> _EXERCISE BRIEF_
Pictures must be left out. Retype exactly the lines from the one containing "200pcs/set Star Wars" through the last line of the records below.

Scraped caption text data:
━━━━━━
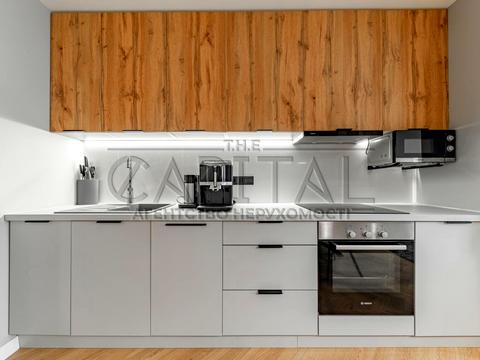 квартира за адресою Михайла Максимовича вул. (Онуфрія Трутенка), 32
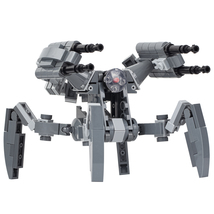 200pcs/set Star Wars Scorpenek Annihilator Droid Minifigures Building Toys - £10.99 GBP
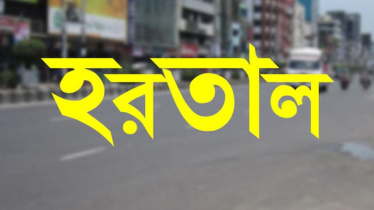 ৩ দিনের হরতাল ডাকলো বিএনপি-জামায়াতসহ সর্বদলীয় কমিটি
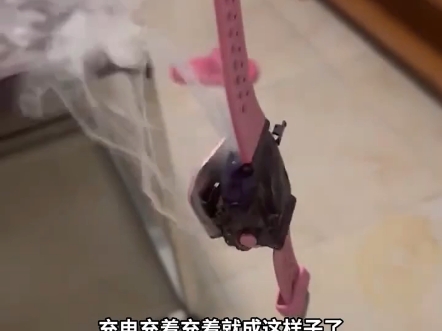 充电器发烫会爆炸吗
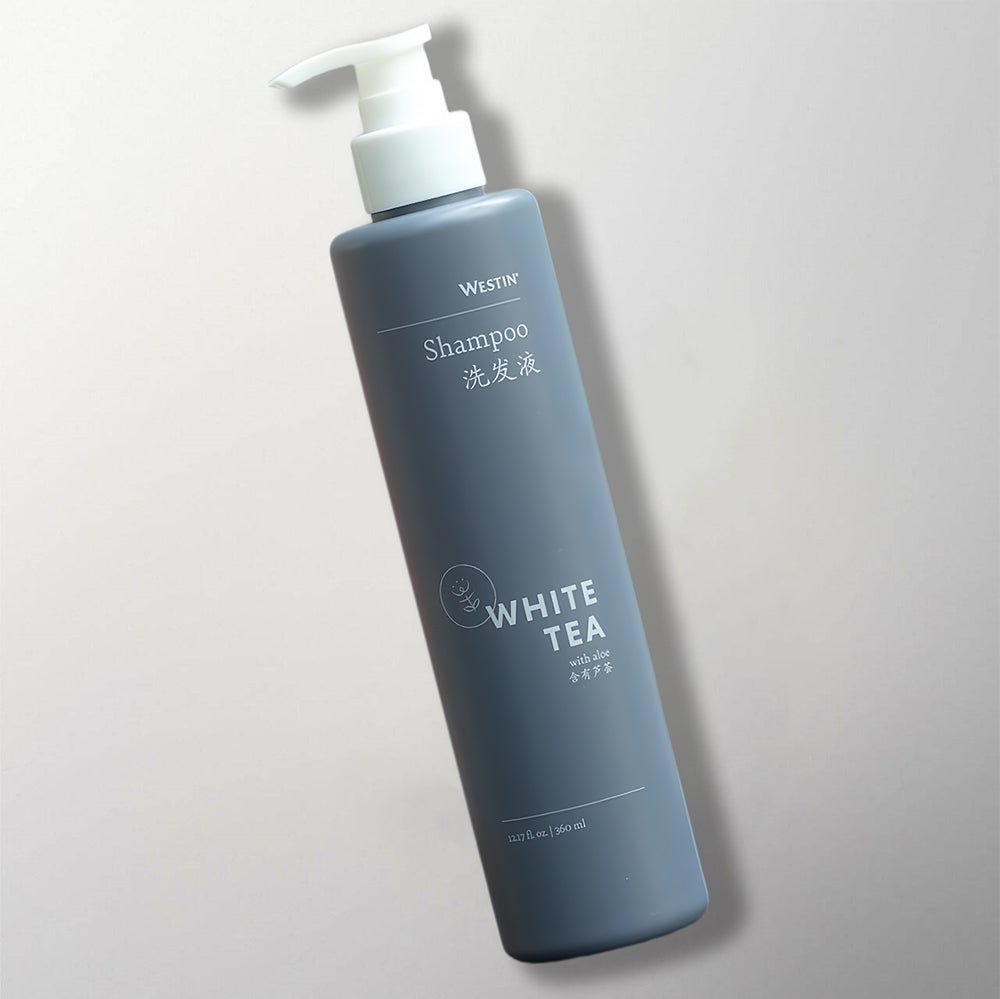 WESTIN Shampoo 360ML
━━━━━━
> _TASK OUTPUT_
 200pcs/set Star Wars Scorpenek Annihilator Droid Minifigures Building Toys - £10.99 GBP
 ৩ দিনের হরতাল ডাকলো বিএনপি-জামায়াতসহ সর্বদলীয় কমিটি
 充电器发烫会爆炸吗
 WESTIN Shampoo 360ML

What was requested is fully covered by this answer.